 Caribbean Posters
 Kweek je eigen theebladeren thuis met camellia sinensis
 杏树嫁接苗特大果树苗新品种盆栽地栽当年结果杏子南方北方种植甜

§

-- THE PROBLEM --
Please repeat the listing word for word.

-- SOLUTION --
 Caribbean Posters
 Kweek je eigen theebladeren thuis met camellia sinensis
 杏树嫁接苗特大果树苗新品种盆栽地栽当年结果杏子南方北方种植甜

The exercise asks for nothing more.